I got a problem to resolve and I ask your input.

My son's 92 4x4 Ford Ranger blew the engine (4 cyl). It has good tires, good exterior and interior. The brakes are new, the hoses and serpinetine belt are new, radiator is refurbished. The 4x4 was overhauled about 15,000 miles ago as was the clutch.

My question is:

1. Do I sell it as is and if so how much.

2. Do I replace the engine with a 4 cyl

3. Do I up it to a 6 cyl

4. What are the costs for the above upgrades.

Notice, I am a hard fishing Computer Geek and not a motor head,,so keep it basic.


----------



## Jesse Lockowitz (Feb 13, 2006)

lose the headache ,and sell it. would be my thing...i got a truck like that right now, always needa do some stuff cuz stuff breaks/doesnt work etc etc....

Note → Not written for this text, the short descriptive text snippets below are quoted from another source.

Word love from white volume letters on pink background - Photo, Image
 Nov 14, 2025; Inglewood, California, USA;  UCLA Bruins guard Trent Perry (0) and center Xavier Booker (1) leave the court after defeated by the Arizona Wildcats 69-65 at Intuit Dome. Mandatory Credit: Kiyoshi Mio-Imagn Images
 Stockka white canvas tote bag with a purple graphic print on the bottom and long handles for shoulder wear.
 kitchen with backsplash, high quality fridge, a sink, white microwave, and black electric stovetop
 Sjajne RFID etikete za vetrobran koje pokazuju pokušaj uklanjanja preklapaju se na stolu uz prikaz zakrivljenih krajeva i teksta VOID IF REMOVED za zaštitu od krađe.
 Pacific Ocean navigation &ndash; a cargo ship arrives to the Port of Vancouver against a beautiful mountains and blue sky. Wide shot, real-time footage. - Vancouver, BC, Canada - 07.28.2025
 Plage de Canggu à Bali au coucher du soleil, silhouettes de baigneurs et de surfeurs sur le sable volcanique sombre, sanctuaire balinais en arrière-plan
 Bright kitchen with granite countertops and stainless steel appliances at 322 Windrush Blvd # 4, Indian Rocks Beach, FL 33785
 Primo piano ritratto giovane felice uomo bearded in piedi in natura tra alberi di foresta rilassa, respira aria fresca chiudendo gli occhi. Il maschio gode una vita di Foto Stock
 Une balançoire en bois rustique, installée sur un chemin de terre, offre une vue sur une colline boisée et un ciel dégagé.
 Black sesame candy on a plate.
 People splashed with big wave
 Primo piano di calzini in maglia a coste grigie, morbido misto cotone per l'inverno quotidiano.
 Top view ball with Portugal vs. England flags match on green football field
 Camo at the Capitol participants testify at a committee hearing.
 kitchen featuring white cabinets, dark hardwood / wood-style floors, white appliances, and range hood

if u wanna get him a pickup that'll last forever..go toyota..



Jesse


----------



## basstardo (Jun 5, 2006)

If I remember right, the bolt pattern for the flywheel is different for the 4 banger vs the 6. If the bolt pattern is the same, put a 3.0 V6 in there. I'm kind of partial to the 2.3 I4 though myself because I had one and it was a great little motor/truck. It eventually bent a rod and broke off a valve, which in turn destroyed the motor. When you say blew the motor, how blown is it? Bent crank, busted connecting rod, valvetrain shot? Can you rebuild it? If the all the stuff on the motor is good like the alternator, starter, etc, get yourself a shortblock 2.3 and go from there.


----------



## Railroader (Apr 13, 2005)

Even if it IS a good truck otherwise, you won't be able to GIVE it away if it doesn't run...I'd either build the motor, or if it's broken up, get a junkyard motor that runs, and drive hell out of it. Ford 2.3's are a dime a dozen, and some places will even give you a short warranty, to make sure it'll hold up for a while. 

Swapping to a V-6 will be a VERY expensive undertaking, and will also make a "Franken-Truck" that again, you won't be able to give away...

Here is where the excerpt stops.